デューク・アドリブ帖

超絶変態ジャズマニア『デューク・M』の独断と偏見と毒舌のアドリブ帖です。縦横無尽、天衣無縫、支離滅裂な展開です。

ビル・クロウが背負ったベースと苦労

2010-12-19 08:23:46 | Weblog
 「バードランドが僕の出身校だ。(中略)自ら範を垂れて教育してくれる輝かしき教授陣は、世界最高のジャズ・ミュージシャンたちであり、その学長とでもいうべきはチャーリー・パーカーだった。」の書き出しはベーシストのビル・クロウ著「さよならバードランド」(村上春樹訳、新潮社刊)である。バードランドとはパーカーのニックネームから付けられたジャズクラブで、副題のように「あるジャズ・ミュージシャンの回想」が綴られている。

 ジェリー・マリガン「ナイト・ライツ」、スタン・ゲッツ・プレイズ、アル・ヘイグのEsoteric盤、ジャズ史を彩る名盤に参加しながらも意外にその名前は知られていない。それは派手なソロを取らないことと、決して輪を乱さない堅実なバッキングによる。ベーシストにはふたつのタイプがあり、オスカー・ペティフォードやレイ・ブラウンのように華麗なプレイで前面に出るタイプと、クロウのように常にバックでリズムを支えることに専念するタイプだ。
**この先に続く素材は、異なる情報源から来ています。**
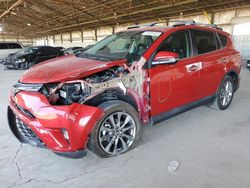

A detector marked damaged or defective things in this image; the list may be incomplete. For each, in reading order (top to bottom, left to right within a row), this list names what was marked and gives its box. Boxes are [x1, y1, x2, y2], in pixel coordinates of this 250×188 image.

crumpled hood [19, 54, 126, 83]
cracked bumper [8, 90, 103, 158]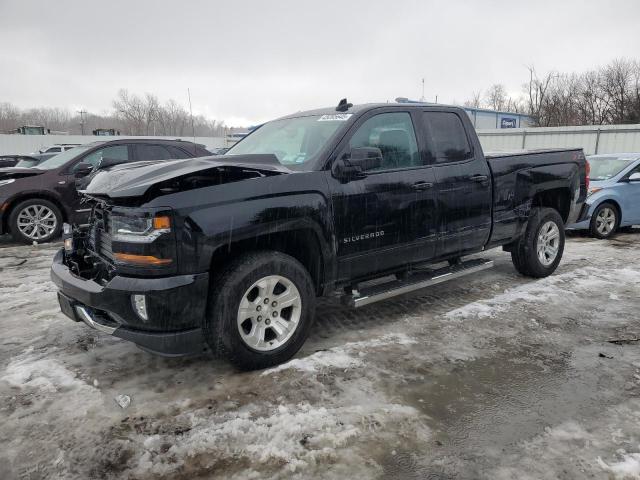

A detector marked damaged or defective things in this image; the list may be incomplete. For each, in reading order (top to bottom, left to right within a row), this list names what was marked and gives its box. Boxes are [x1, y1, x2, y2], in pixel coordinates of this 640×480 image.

damaged front bumper [52, 249, 209, 354]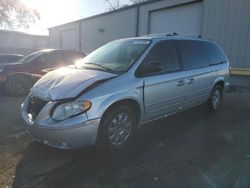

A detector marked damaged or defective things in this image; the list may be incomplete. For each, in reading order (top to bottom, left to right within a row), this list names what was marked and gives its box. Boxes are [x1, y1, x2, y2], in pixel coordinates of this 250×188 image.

黒子的存在の後者は損なタイプに思えるが、歌舞伎でも静止画的画面構成を支える黒子がいてこそ役者が映えるように、ジャズもまた同じでステージに欠かせない重要な存在である。

 この著書がきっかけとなって95年に録音されたのがこのアルバムで、何とこれが初リーダー・アルバムというから驚く。クロウは当初ドラマーとしてマイク・レイニーに雇われ、次いでグレン・ムーア楽団ではトロンボーンを吹いていたという。そしてベーシストとして名前が知られるようになったのはテディ・チャールズのバンドに加わったころで、ベーシストとしてのキャリア40年目にしての初リーダー作になる。オリジナルを数曲とスタンダードのバランスの取れた構成で、なかでも「ジャスト・フレンズ」は、このセッションに駆けつけたテナー奏者のカーメン・レギオやギタリストのジョー・コーンとの旧交を温めるに相応しい曲だ。

 おそらくクロウにとって初めての長いベースソロは、その文章の語り口と同じように温かく優しい。行間からにじみ出る共演したミュージシャンへの愛情を、そのままベースの一音一音に重ねているようだ。そして人柄なのだろう、どこまでも控え目で、常に周りのプレイヤーを立てることを忘れない。ときに我がままで勝手なスタープレイヤーとバードランドが衝突したときに仲裁に入ったクロウの苦労もこのアルバムで報われたかもしれない。